Capitol reporter Mary Wilson covers Pennsylvania politics and issues at the Pennsylvania state capitol.
Republican Gov. Tom Corbett's plan to overhaul Medicaid and expand federally subsidized private health care is causing a bit of a rift in his own party.
Some pro-expansion Republicans in the Legislature have voiced support for the governor's plan - among them, Senate Majority Leader Dominic Pileggi. The state Republican Party has also expressed its support.
But House GOP leaders haven't come down on either side of the Medicaid plan, and opposition is coming from one reliable critic: Rep. Daryl Metcalfe (R-Butler), who is calling the governor's "HealthyPA" plan a political stunt.
"The governor is not going to get away with, at this point in his term, coming out and making this type of a proposal and thinking that it's going to save him in next year's elections," said Metcalfe at a press conference at the Capitol Tuesday.
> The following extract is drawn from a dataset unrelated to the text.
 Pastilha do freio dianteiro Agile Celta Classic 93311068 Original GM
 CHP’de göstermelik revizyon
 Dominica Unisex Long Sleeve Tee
He has been the de facto leader of a smaller hard-right contingent within the House GOP that has opposed Medicaid expansion and new funding for transportation infrastructure.
So far, Metcalfe has been alone in his statements against the governor's plan - at least, among House Republicans. None joined him at the press conference, though Metcalfe said that was due to his desire to keep the focus on two Arkansas legislators who flew in yesterday to explain their concerns about a similar health care coverage expansion plan submitted by their state's governor and approved by the legislature there. They were brought to Harrisburg by Americans for Prosperity, the conservative advocacy group.
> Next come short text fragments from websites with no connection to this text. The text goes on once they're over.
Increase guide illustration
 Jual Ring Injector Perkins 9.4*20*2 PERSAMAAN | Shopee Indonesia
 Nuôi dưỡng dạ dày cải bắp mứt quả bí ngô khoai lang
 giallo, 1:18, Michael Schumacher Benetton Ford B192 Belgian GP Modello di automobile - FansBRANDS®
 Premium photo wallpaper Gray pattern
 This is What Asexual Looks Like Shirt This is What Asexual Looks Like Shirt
Corbett's administration says his proposed changes to Pennsylvania's Medicaid program, and creation of federally-subsidized private health coverage options, do not require legislative approval - only a green light from federal officials.
Metcalfe said he thinks the Legislature should be given a chance to vote on the plan, which he insists is an expansion, even if Corbett doesn't use the same language.
"The governor can call it whatever he likes, he can say it's not Medicaid expansion, but at the end of the day, everybody who's honest with themselves has to admit that this is expanding welfare in Pennsylvania," Metcalfe said.
When asked about the governor's motivations, Metcalfe retrenched on his accusations that they're purely political.
"I don't think there's any other reason for him to do it," Metcalfe said. "Why in the world would a Republican governor move us in the direction of having one in four people on government-paid-for health insurance? To expand the welfare state to that extreme, to expand the welfare state, why would the governor do it unless he saw a benefit for himself in the future?"